> What this task involves
Line by line, return the data exactly as shown.

> Data section
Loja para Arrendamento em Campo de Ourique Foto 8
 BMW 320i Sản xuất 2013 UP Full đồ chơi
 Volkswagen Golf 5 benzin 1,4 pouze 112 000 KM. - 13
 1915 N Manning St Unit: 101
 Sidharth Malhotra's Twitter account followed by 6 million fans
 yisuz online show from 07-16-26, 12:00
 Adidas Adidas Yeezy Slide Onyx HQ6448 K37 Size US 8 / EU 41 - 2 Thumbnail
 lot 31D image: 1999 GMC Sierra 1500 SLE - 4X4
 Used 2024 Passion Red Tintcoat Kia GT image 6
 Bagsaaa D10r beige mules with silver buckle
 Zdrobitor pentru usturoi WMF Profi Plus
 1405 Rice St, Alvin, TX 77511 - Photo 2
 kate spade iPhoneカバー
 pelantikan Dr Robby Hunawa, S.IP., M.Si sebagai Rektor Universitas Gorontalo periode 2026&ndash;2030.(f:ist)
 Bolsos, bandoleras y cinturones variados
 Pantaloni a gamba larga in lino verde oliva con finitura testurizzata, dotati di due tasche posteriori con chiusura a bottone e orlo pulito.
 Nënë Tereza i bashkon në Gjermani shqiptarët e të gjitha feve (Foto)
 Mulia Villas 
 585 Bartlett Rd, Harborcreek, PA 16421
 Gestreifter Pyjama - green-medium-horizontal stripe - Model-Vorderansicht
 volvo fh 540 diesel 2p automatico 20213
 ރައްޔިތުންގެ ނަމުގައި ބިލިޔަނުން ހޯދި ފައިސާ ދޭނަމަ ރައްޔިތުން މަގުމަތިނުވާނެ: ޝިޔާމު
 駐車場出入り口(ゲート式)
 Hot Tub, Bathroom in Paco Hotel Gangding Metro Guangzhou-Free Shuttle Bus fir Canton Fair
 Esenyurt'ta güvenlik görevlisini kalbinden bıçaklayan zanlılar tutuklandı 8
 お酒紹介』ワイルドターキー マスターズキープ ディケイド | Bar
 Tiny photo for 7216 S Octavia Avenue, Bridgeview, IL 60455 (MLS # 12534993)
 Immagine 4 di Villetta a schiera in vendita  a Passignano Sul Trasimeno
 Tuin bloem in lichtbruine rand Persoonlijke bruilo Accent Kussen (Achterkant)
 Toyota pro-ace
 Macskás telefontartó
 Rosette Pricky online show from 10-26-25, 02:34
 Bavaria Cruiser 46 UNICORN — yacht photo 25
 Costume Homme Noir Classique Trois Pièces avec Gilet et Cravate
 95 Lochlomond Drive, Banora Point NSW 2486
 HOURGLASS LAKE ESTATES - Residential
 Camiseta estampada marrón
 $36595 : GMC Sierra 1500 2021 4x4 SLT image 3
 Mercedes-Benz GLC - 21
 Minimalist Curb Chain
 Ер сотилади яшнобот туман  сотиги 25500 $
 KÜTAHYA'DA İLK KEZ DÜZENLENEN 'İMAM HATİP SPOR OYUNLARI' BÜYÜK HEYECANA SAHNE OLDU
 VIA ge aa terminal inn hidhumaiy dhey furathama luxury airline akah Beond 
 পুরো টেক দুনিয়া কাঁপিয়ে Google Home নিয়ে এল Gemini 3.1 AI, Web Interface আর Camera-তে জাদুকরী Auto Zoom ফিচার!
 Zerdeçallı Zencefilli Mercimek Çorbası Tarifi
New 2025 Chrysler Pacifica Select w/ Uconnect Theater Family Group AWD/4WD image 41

> Exercise response
Loja para Arrendamento em Campo de Ourique Foto 8
 BMW 320i Sản xuất 2013 UP Full đồ chơi
 Volkswagen Golf 5 benzin 1,4 pouze 112 000 KM. - 13
 1915 N Manning St Unit: 101
 Sidharth Malhotra's Twitter account followed by 6 million fans
 yisuz online show from 07-16-26, 12:00
 Adidas Adidas Yeezy Slide Onyx HQ6448 K37 Size US 8 / EU 41 - 2 Thumbnail
 lot 31D image: 1999 GMC Sierra 1500 SLE - 4X4
 Used 2024 Passion Red Tintcoat Kia GT image 6
 Bagsaaa D10r beige mules with silver buckle
 Zdrobitor pentru usturoi WMF Profi Plus
 1405 Rice St, Alvin, TX 77511 - Photo 2
 kate spade iPhoneカバー
 pelantikan Dr Robby Hunawa, S.IP., M.Si sebagai Rektor Universitas Gorontalo periode 2026&ndash;2030.(f:ist)
 Bolsos, bandoleras y cinturones variados
 Pantaloni a gamba larga in lino verde oliva con finitura testurizzata, dotati di due tasche posteriori con chiusura a bottone e orlo pulito.
 Nënë Tereza i bashkon në Gjermani shqiptarët e të gjitha feve (Foto)
 Mulia Villas 
 585 Bartlett Rd, Harborcreek, PA 16421
 Gestreifter Pyjama - green-medium-horizontal stripe - Model-Vorderansicht
 volvo fh 540 diesel 2p automatico 20213
 ރައްޔިތުންގެ ނަމުގައި ބިލިޔަނުން ހޯދި ފައިސާ ދޭނަމަ ރައްޔިތުން މަގުމަތިނުވާނެ: ޝިޔާމު
 駐車場出入り口(ゲート式)
 Hot Tub, Bathroom in Paco Hotel Gangding Metro Guangzhou-Free Shuttle Bus fir Canton Fair
 Esenyurt'ta güvenlik görevlisini kalbinden bıçaklayan zanlılar tutuklandı 8
 お酒紹介』ワイルドターキー マスターズキープ ディケイド | Bar
 Tiny photo for 7216 S Octavia Avenue, Bridgeview, IL 60455 (MLS # 12534993)
 Immagine 4 di Villetta a schiera in vendita  a Passignano Sul Trasimeno
 Tuin bloem in lichtbruine rand Persoonlijke bruilo Accent Kussen (Achterkant)
 Toyota pro-ace
 Macskás telefontartó
 Rosette Pricky online show from 10-26-25, 02:34
 Bavaria Cruiser 46 UNICORN — yacht photo 25
 Costume Homme Noir Classique Trois Pièces avec Gilet et Cravate
 95 Lochlomond Drive, Banora Point NSW 2486
 HOURGLASS LAKE ESTATES - Residential
 Camiseta estampada marrón
 $36595 : GMC Sierra 1500 2021 4x4 SLT image 3
 Mercedes-Benz GLC - 21
 Minimalist Curb Chain
 Ер сотилади яшнобот туман  сотиги 25500 $
 KÜTAHYA'DA İLK KEZ DÜZENLENEN 'İMAM HATİP SPOR OYUNLARI' BÜYÜK HEYECANA SAHNE OLDU
 VIA ge aa terminal inn hidhumaiy dhey furathama luxury airline akah Beond 
 পুরো টেক দুনিয়া কাঁপিয়ে Google Home নিয়ে এল Gemini 3.1 AI, Web Interface আর Camera-তে জাদুকরী Auto Zoom ফিচার!
 Zerdeçallı Zencefilli Mercimek Çorbası Tarifi
New 2025 Chrysler Pacifica Select w/ Uconnect Theater Family Group AWD/4WD image 41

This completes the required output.